Instructions for the task.
From the entries that follow, reproduce exactly and only the lines from the line with "Young man looking" to the line with "Mom is helping", endpoints included.

-- Material for this task follows --

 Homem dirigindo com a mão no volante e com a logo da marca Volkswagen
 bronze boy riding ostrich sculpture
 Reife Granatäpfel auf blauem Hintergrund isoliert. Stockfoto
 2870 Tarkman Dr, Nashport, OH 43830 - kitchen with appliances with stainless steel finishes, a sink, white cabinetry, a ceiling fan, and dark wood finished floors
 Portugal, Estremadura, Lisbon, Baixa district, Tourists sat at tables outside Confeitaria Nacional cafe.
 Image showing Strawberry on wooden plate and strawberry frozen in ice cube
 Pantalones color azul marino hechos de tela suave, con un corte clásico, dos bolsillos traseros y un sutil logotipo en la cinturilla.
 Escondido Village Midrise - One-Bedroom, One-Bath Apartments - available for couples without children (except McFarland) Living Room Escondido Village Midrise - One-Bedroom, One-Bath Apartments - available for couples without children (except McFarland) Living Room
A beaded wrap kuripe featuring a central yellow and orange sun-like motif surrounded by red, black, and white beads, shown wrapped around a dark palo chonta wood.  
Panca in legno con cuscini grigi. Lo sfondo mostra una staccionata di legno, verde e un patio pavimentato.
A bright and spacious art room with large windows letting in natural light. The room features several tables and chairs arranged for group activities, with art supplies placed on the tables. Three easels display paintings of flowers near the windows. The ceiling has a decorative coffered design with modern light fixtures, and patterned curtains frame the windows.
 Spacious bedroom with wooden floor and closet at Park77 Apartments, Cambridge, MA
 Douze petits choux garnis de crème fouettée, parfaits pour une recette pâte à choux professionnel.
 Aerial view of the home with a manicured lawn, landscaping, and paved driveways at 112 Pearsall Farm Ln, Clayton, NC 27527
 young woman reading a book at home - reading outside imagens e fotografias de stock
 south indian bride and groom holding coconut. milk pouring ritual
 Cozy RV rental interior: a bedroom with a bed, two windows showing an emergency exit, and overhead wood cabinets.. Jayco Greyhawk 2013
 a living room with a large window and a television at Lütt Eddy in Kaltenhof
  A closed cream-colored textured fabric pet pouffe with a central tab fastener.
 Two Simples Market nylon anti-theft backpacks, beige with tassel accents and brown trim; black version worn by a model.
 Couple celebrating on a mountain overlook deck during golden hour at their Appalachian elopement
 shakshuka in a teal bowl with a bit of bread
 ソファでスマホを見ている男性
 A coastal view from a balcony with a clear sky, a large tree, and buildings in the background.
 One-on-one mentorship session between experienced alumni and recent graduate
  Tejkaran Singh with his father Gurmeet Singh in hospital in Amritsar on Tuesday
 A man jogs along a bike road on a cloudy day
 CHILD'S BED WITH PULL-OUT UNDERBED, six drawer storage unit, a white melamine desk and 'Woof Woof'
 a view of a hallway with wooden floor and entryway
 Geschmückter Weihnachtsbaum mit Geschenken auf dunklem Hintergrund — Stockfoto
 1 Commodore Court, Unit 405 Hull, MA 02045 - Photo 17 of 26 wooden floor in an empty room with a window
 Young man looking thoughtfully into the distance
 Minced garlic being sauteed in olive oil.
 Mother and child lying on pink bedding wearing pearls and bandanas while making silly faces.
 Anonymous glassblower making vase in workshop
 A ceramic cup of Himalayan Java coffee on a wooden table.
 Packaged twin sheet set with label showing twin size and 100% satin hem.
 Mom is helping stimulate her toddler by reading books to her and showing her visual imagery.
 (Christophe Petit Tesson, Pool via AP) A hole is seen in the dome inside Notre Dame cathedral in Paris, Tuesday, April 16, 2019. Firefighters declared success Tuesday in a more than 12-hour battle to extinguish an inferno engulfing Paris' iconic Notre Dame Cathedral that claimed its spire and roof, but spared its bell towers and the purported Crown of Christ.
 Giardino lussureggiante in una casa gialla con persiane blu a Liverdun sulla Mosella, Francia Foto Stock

-- Material for this task concluded --

Reply.
 Young man looking thoughtfully into the distance
 Minced garlic being sauteed in olive oil.
 Mother and child lying on pink bedding wearing pearls and bandanas while making silly faces.
 Anonymous glassblower making vase in workshop
 A ceramic cup of Himalayan Java coffee on a wooden table.
 Packaged twin sheet set with label showing twin size and 100% satin hem.
 Mom is helping stimulate her toddler by reading books to her and showing her visual imagery.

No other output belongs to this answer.